__RECORD EXCERPTS__.
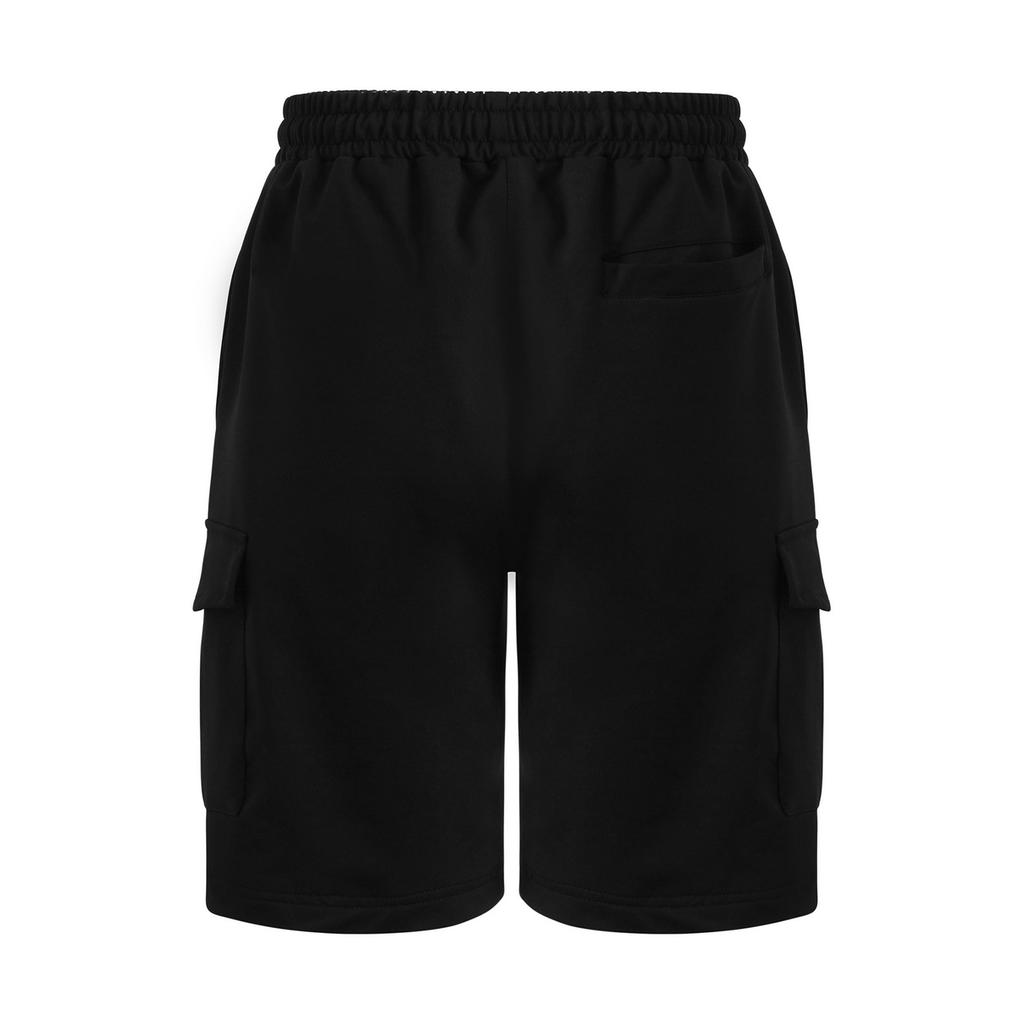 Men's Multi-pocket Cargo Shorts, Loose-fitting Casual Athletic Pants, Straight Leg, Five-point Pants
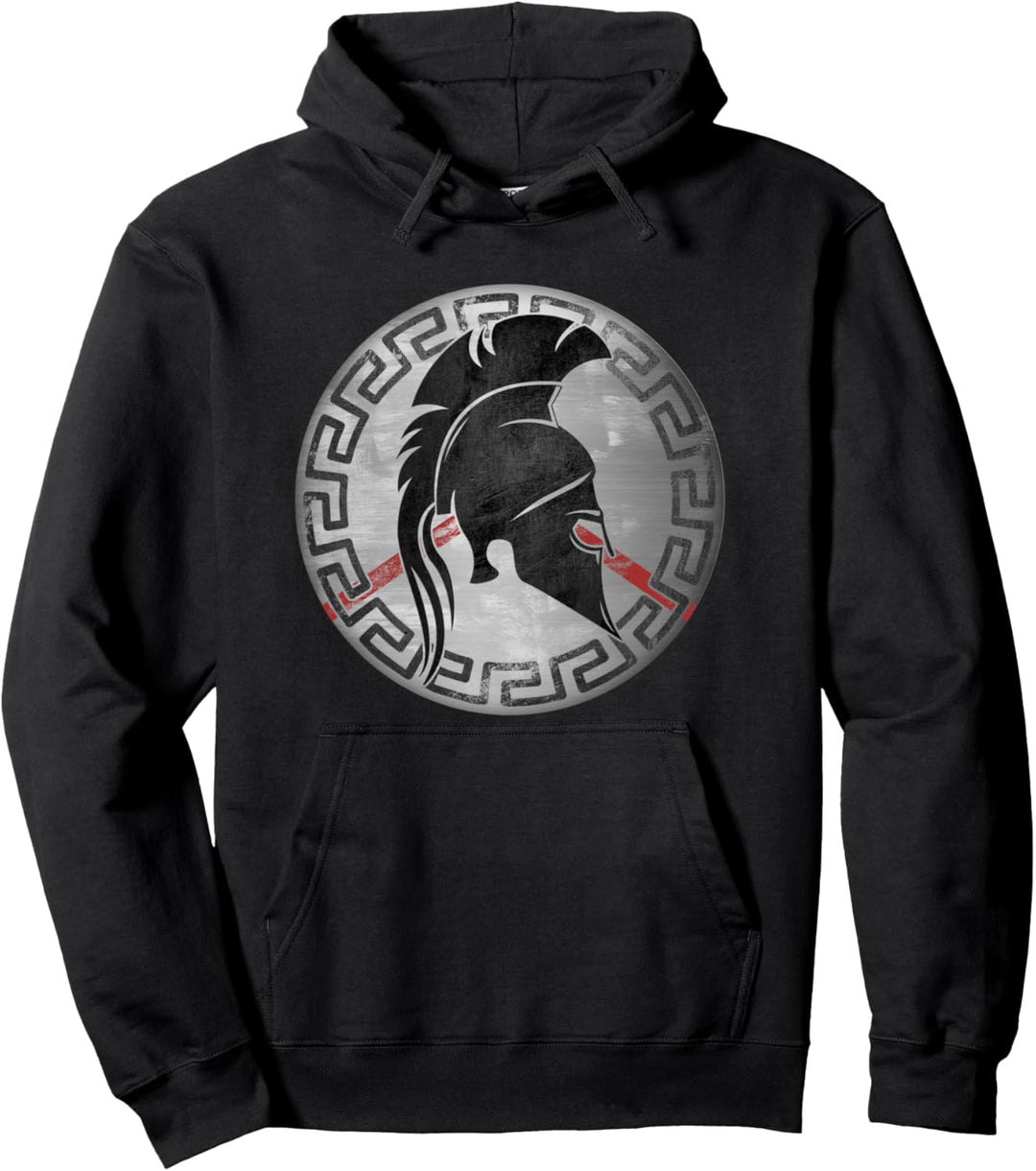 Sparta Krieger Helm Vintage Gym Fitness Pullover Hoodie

* * *

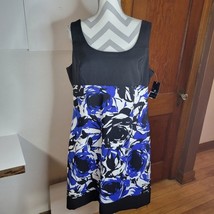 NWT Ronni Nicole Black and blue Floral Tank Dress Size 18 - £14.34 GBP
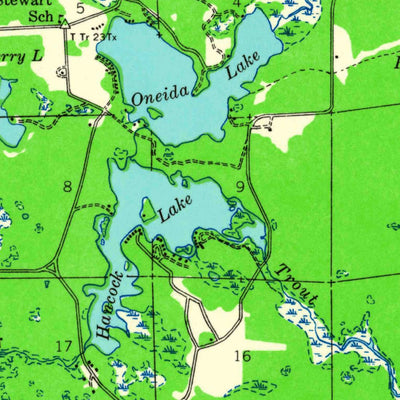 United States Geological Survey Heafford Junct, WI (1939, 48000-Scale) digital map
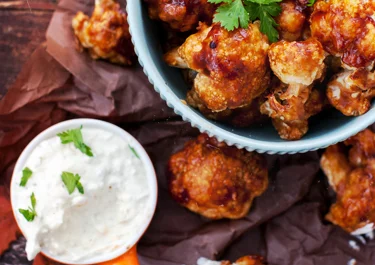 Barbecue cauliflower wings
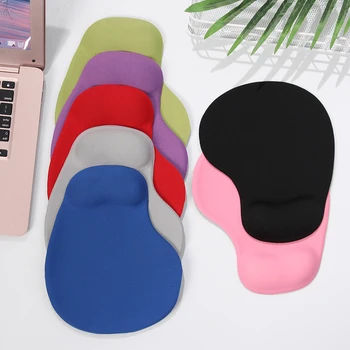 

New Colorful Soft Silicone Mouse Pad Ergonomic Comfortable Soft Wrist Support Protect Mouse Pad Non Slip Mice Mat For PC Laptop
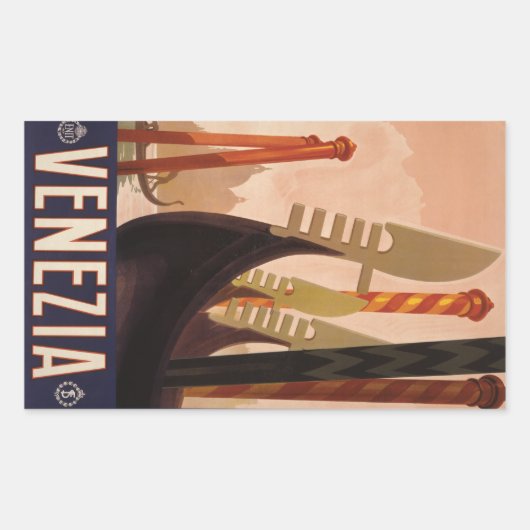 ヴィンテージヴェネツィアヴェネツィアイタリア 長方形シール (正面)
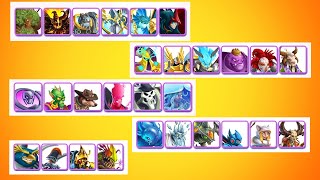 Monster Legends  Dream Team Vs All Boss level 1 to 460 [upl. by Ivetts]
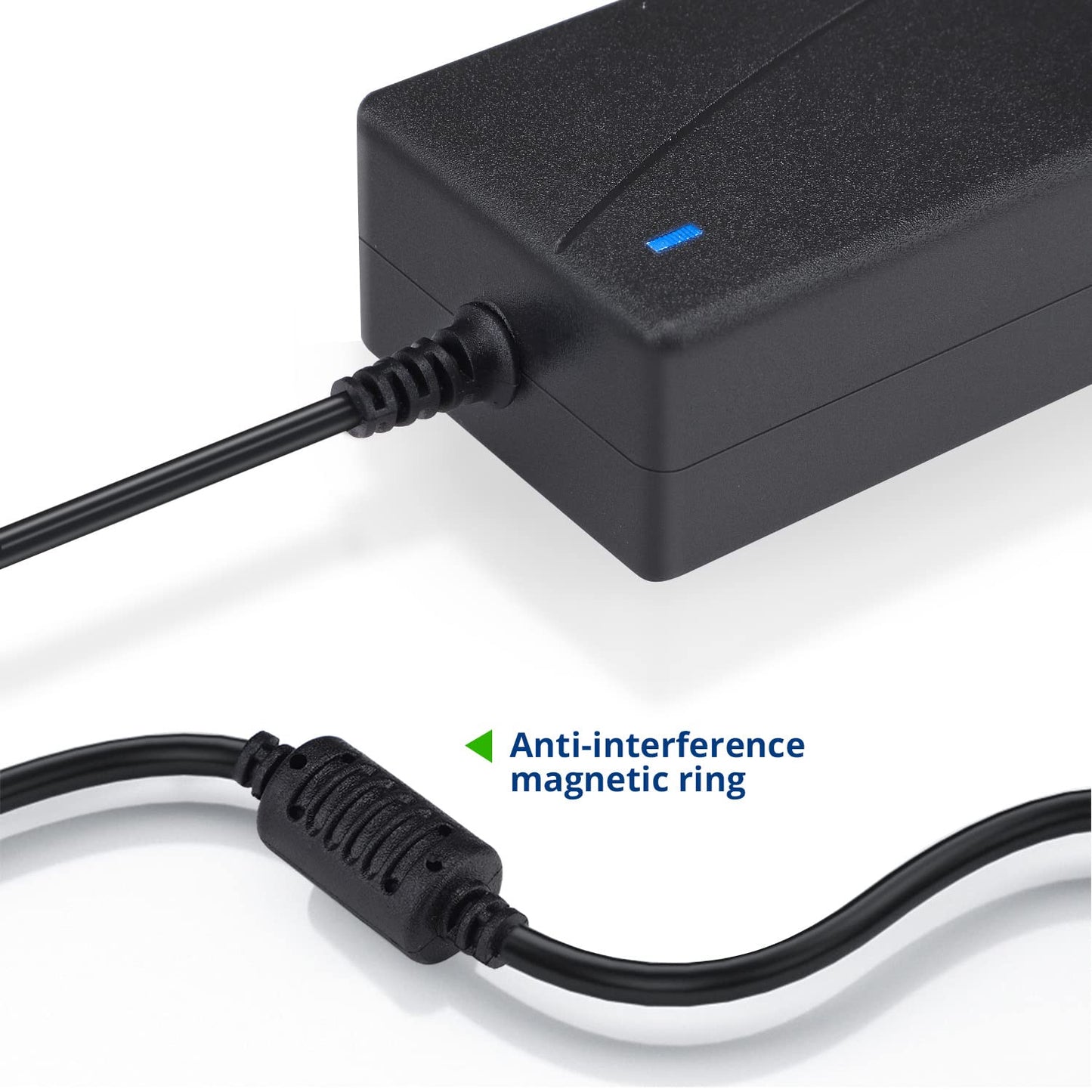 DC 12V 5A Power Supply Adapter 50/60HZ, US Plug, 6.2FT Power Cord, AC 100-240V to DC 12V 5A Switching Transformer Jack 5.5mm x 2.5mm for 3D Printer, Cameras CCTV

...

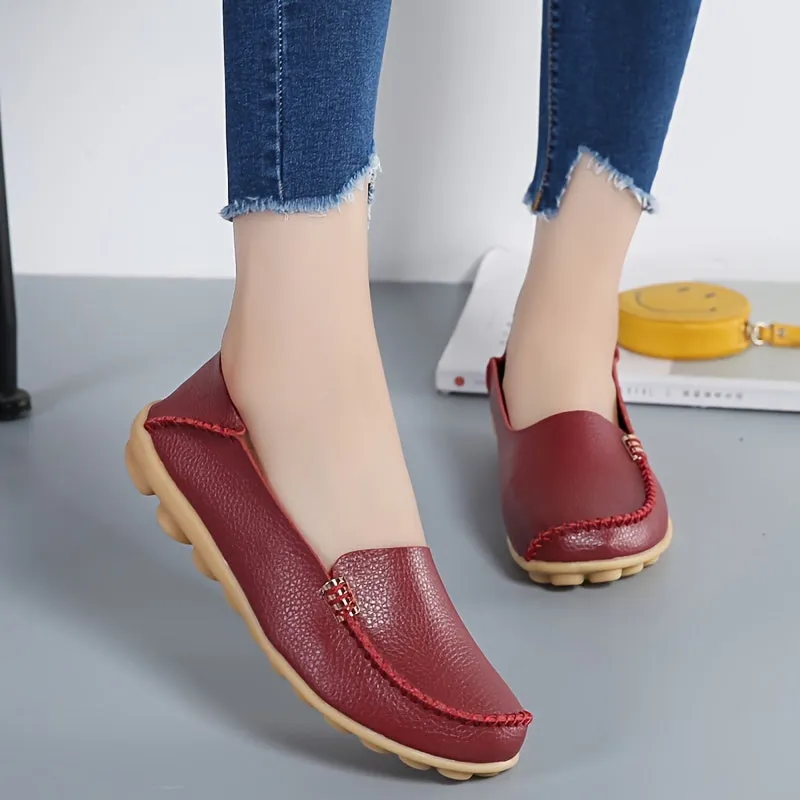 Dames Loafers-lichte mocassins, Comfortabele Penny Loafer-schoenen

__GOAL OF THE EXERCISE__. Lines from the one above containing "Men's Multi-pocket Cargo" down to the one containing "Sparta Krieger Helm" should be transcribed exactly, with both ends kept and no pictures.

__RESPONSE BOX__.
 Men's Multi-pocket Cargo Shorts, Loose-fitting Casual Athletic Pants, Straight Leg, Five-point Pants
 Sparta Krieger Helm Vintage Gym Fitness Pullover Hoodie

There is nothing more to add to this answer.